Tue, 03/09/2010 - 21:37 — tallen
I will follow the good side right to the fire, but not into it if I can help it.
--Michel de Montaigne, (1533-1592)
P.1687 - §0 (150:9.3) And so, under the leadership of hirelings, these ruffians laid hold upon Jesus and rushed him out of the synagogue to the brow of a near-by precipitous hill, where they were minded to shove him over the edge to his death below. But just as they were about to push him over the edge of the cliff, Jesus turned suddenly upon his captors and, facing them, quietly folded his arms. He said nothing, but his friends were more than astonished when, as he started to walk forward, the mob parted and permitted him to pass on unmolested.

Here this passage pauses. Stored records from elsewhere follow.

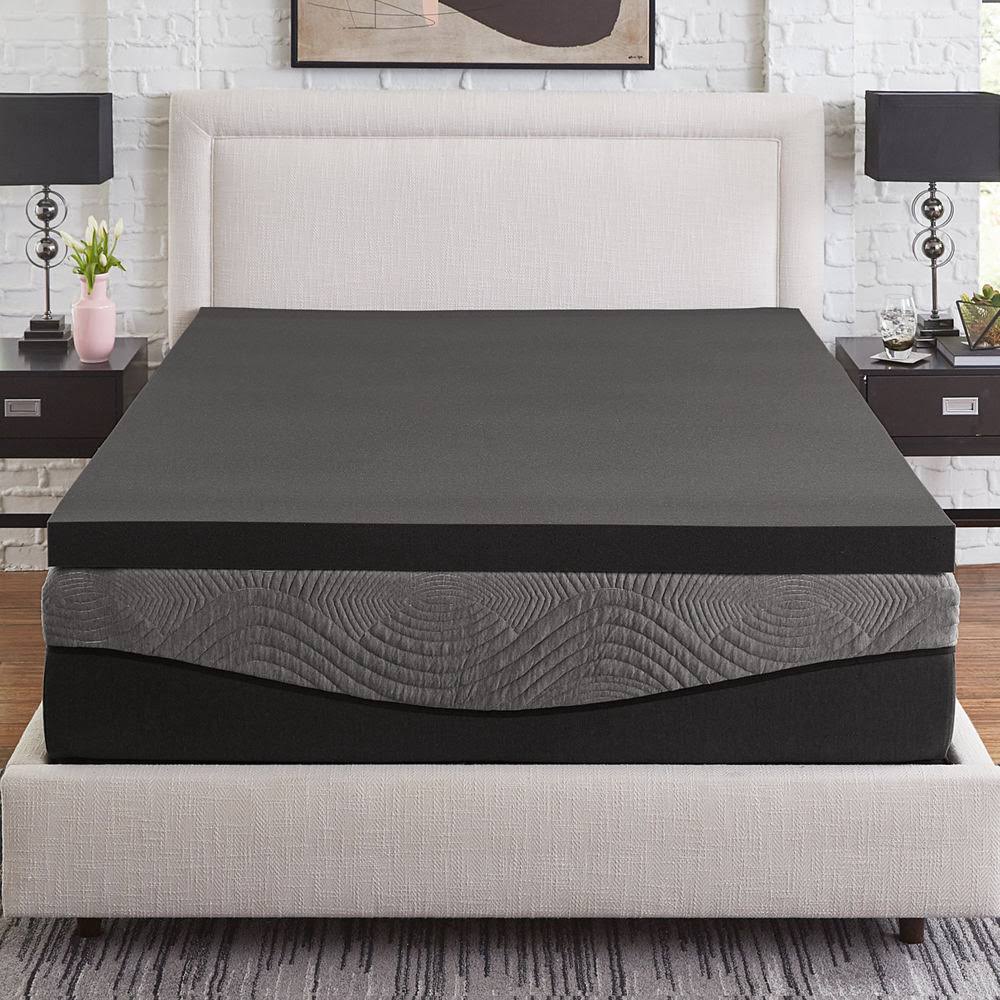 Queen 3-Inch Charcoal Memory Foam with 1.5-inch Fiber Cover W5345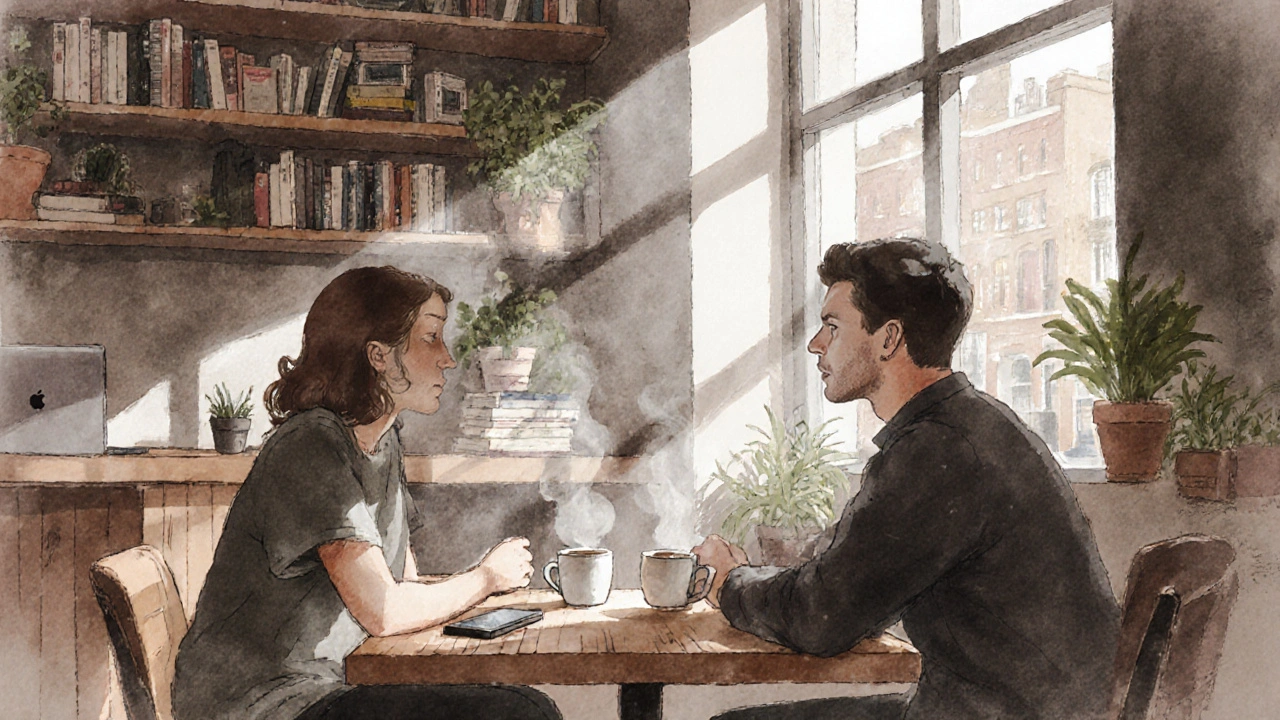 Two people share a quiet coffee in a Shoreditch café, engaged in thoughtful conversation.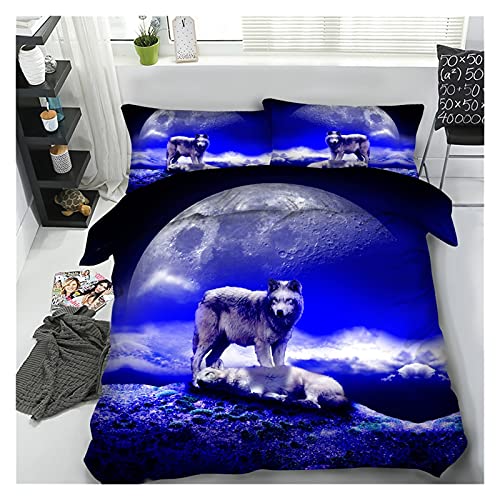 Parure de lit loup galaxie king size microfibre douce抗皱易打理带隐形拉链 - 3
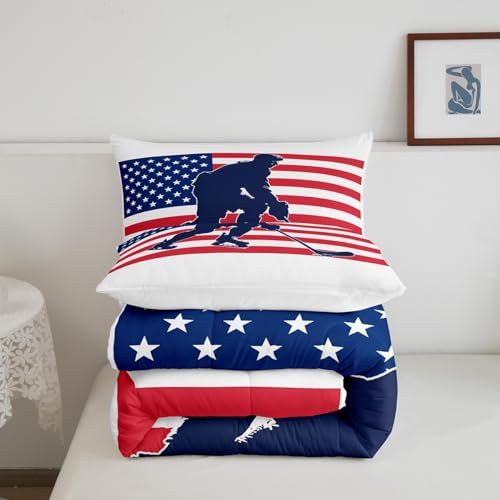 Image of Feelyou Ice Hockey Comforter Set Queen Size 3Pcs for Kids Boys Girls Teens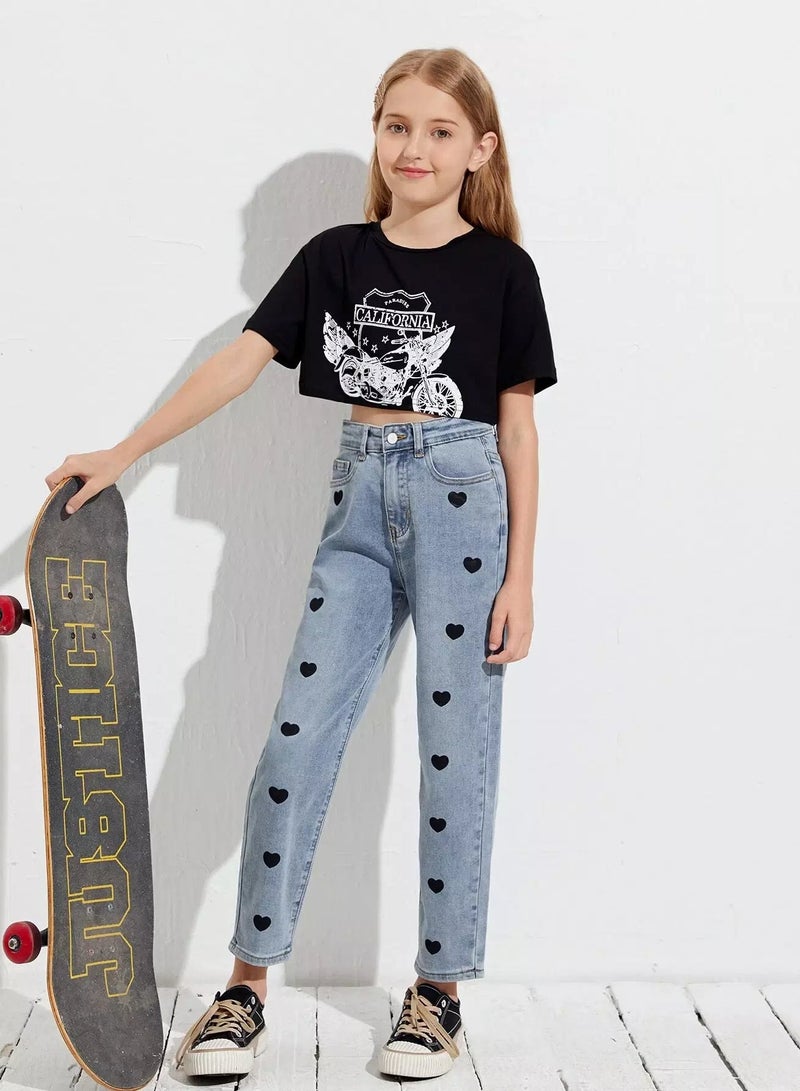 Girls Heart Print Straight Leg Jeans  - Image 4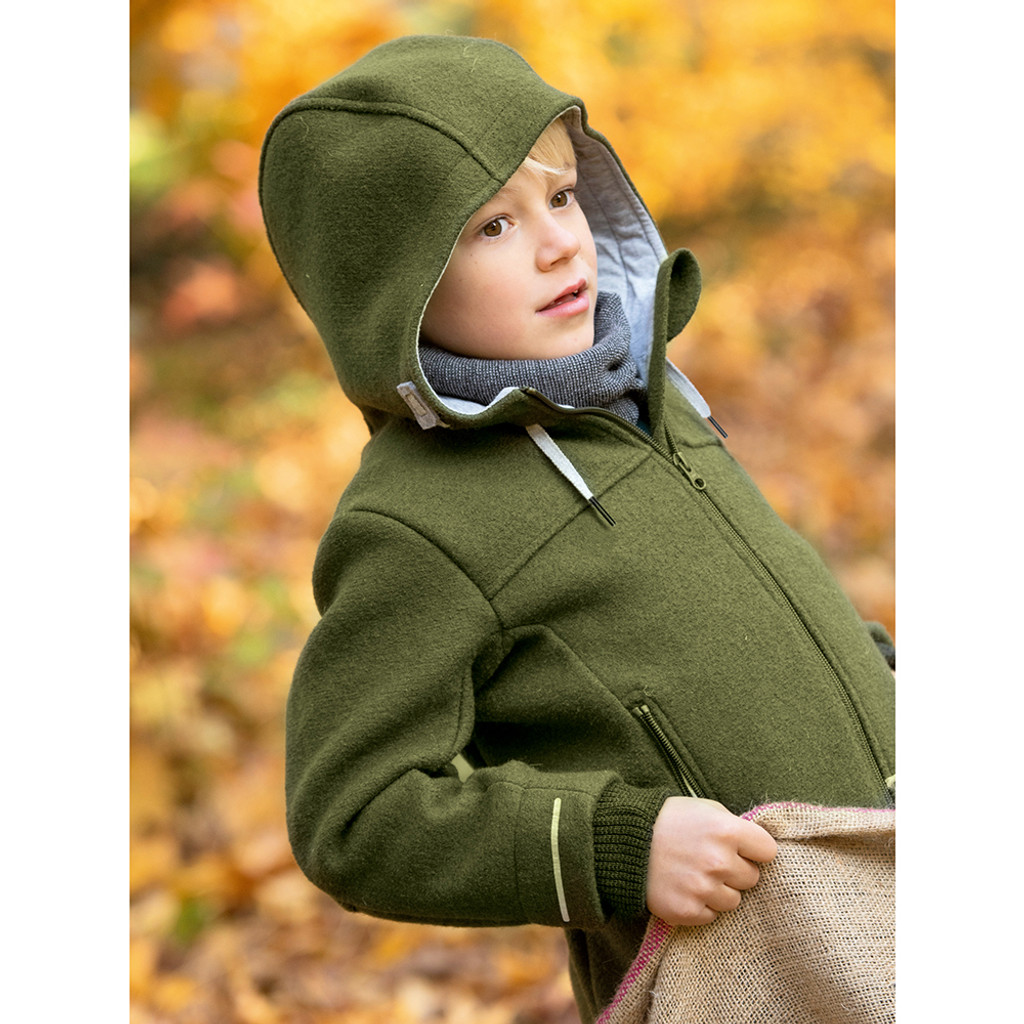 DISANA - Kids' Wool Jacket: Warm Outdoor Coat with Hood, 100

Michel Eyquem de Montaigne was one of the most influential writers of the French Renaissance, known for popularizing the essay as a literary genre. He became famous for his effortless ability to merge serious intellectual speculation with casual anecdotes and autobiography — and his massive volume Essais (translated literally as "Attempts") contains, to this day, some of the most widely influential essays ever written. Montaigne had a direct influence on writers the world over, including René Descartes, Blaise Pascal, Jean-Jacques Rousseau, Ralph Waldo Emerson, Friedrich Nietzsche, Stefan Zweig, Eric Hoffer, Isaac Asimov, and perhaps William Shakespeare.
In his own time, Montaigne was admired more as a statesman than as an author. The tendency in his essays to digress into anecdotes and personal ruminations was seen as detrimental to proper style rather than as an innovation, and his declaration that, 'I am myself the matter of my book', was viewed by his contemporaries as self-indulgent. In time, however, Montaigne would be recognized as embodying, perhaps better than any other author of his time, the spirit of freely entertaining doubt which began to emerge at that time. He is most famously known for his skeptical remark, 'Que sais-je?' ('What do I know?'). Remarkably modern even to readers today, Montaigne's attempt to examine the world through the lens of the only thing he can depend on implicitly — his own judgment — makes him more accessible to modern readers than any other author of the Renaissance. Much of modern literary non-fiction has found inspiration in Montaigne and writers of all kinds continue to read him for his masterful balance of intellectual knowledge and personal story-telling.